*** The data ***

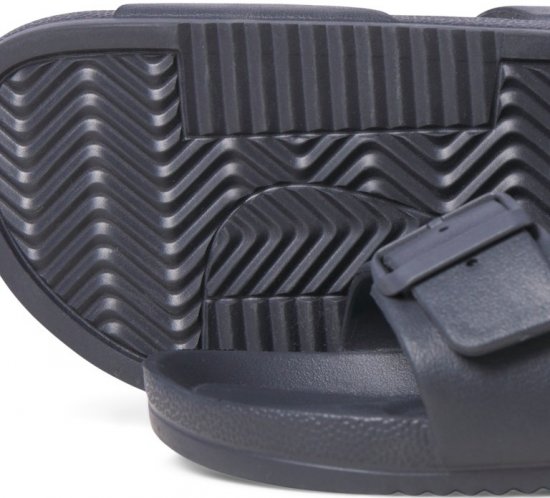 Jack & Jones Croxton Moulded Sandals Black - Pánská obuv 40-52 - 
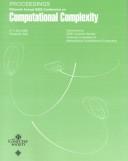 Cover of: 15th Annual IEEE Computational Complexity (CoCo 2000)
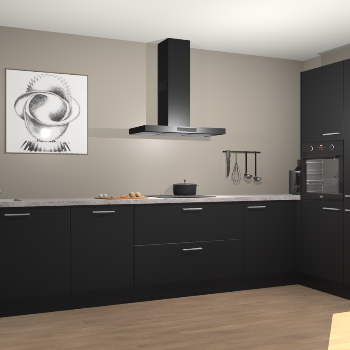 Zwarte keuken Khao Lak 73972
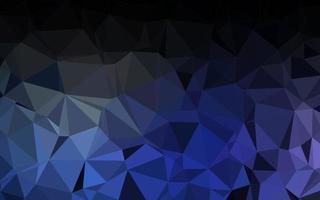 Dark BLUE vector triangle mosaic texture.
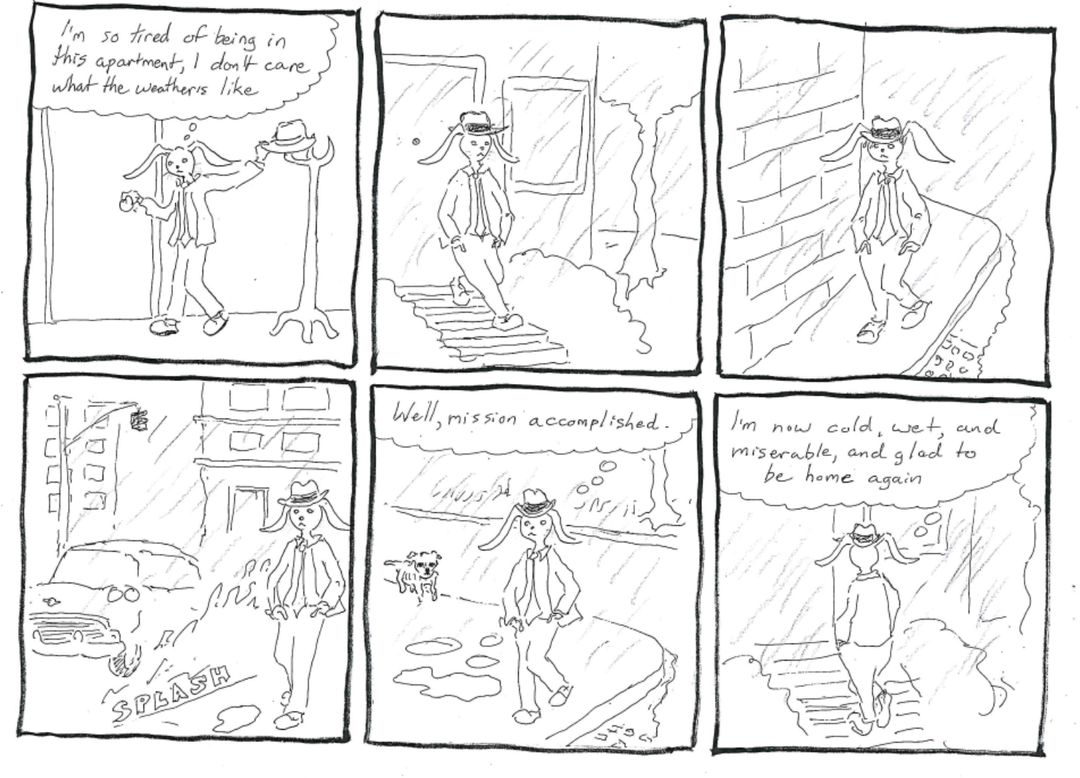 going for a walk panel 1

*** End of The data ***
*** The data ***

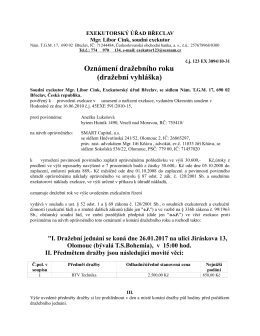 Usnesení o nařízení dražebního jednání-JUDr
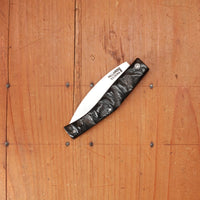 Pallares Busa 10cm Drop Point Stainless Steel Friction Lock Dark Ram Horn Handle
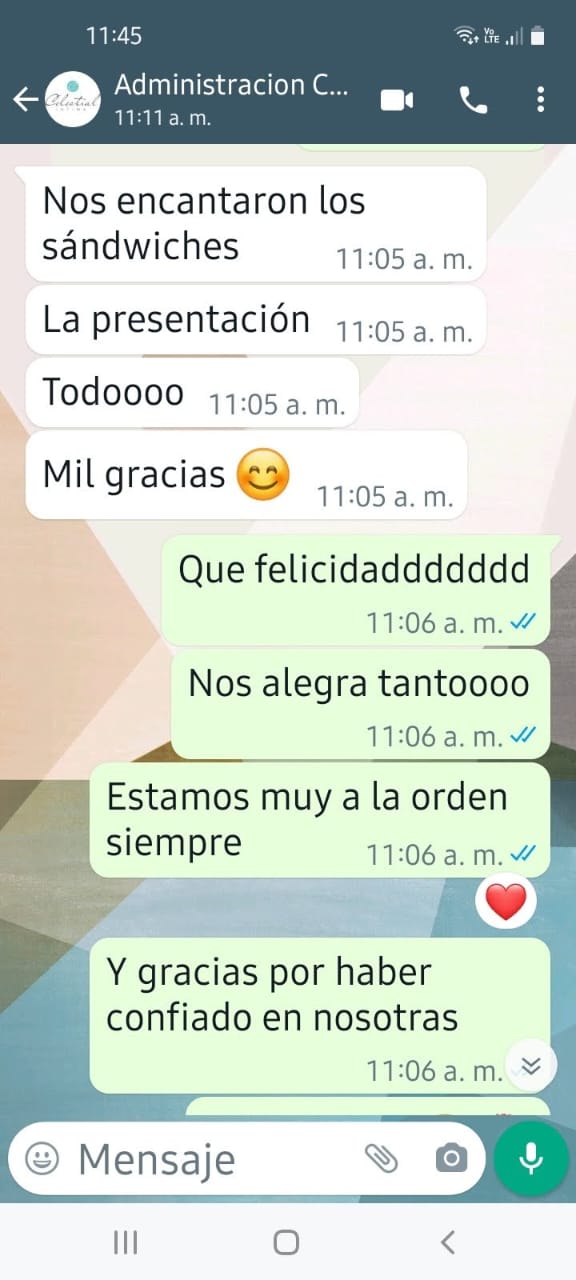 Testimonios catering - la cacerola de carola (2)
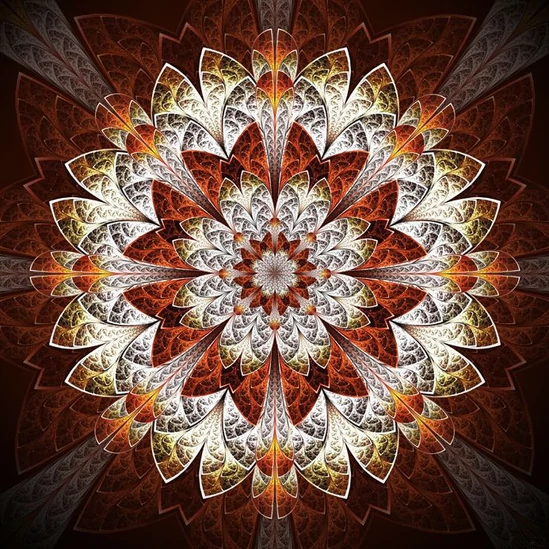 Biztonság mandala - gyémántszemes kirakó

*** End of The data ***

Work instruction
Your reply is to be an exact repeat of the listing above from the line holding "Jack & Jones" down to the line holding "going for a walk panel 1", ends included, pictures excluded.

Result for this exercise
 Jack & Jones Croxton Moulded Sandals Black - Pánská obuv 40-52 - 
 Cover of: 15th Annual IEEE Computational Complexity (CoCo 2000)
 Zwarte keuken Khao Lak 73972
 Dark BLUE vector triangle mosaic texture.
 going for a walk panel 1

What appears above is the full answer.